CABLE SVN-Git Transition

User Training 2023

What's happening?

  • We are transitioning CABLE development from SVN to Git.
  • This will streamline the model contribution and release process.
  • The SVN repository will be put into READ ONLY mode in November 2023.
  • All development from November 2023 will be managed through GitHub.

What is Git?

Git is a distributed version control system (DVCS) that enables collaborative development on shared codebases.​

It is one of the most widely-used version control systems in the world.

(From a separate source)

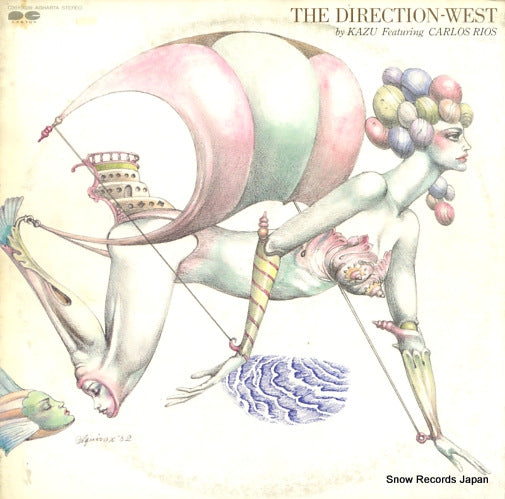 MATSUI, KAZU the direction-west C28Y0039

© Jason Long, CC Attribution 3.0

What is GitHub?

GitHub is a web-based platform which hosts Git repositories, permitting additional collaborative features like issue tracking, release management, continuous integration etc.​

GitHub is not Git, but has become synonymous with it. The two words are often used interchangeably in the wild.

© GitHub inc.

Git vs. SVN

Git SVN
Distribution Distributed, each developer has a complete copy. Centralised, there is only one copy.
Structure / History Every copy IS a repository itself and has the whole history. Central repository holds the history.
Commits Hash-based. Sequential.
Branching / Merging Quick and (mostly) painless. Move involved, requires planning.
Online / Offline Commits can be made locally offline before pushing to a remote/central repository. Connection to central repository required to commit changes.

Key concepts (Git)

Concept Description
Repository (repo) A place where code lives.
Branch A parallel line of development, allowing you to work on code in isolation from the main codebase.​
Commit A snapshot of the changes made to a repository.​
Merge The act of reconciling changes made in one branch into another.
Clone A copy of a remote repository for local development.​
Checkout The act of switching to a different version of a branch, file etc.
Pull The act of pulling changes from one repository to another (i.e. remote to local).​
Push The act of pushing changes from one repository to another (i.e. local to remote).​

There are many more concepts surrounding Git, but let’s just start with the basics.​

Branching

  • Branching allows parallel development isolated from the main codebase.
  • Branches are used to develop new features, address bugs, prepare releases etc.
  • They are merged back into the main codebase once work is complete.
  • Once merged, they can be safely removed.

Merging

  • Bringing the changes from one branch to another.
  • 2 main use cases for merging:
    • Update a feature branch with new commits from the main branch.
    • Bring changes from a feature branch back into the main branch. Usually done via the GitHub interface and not locally by command line.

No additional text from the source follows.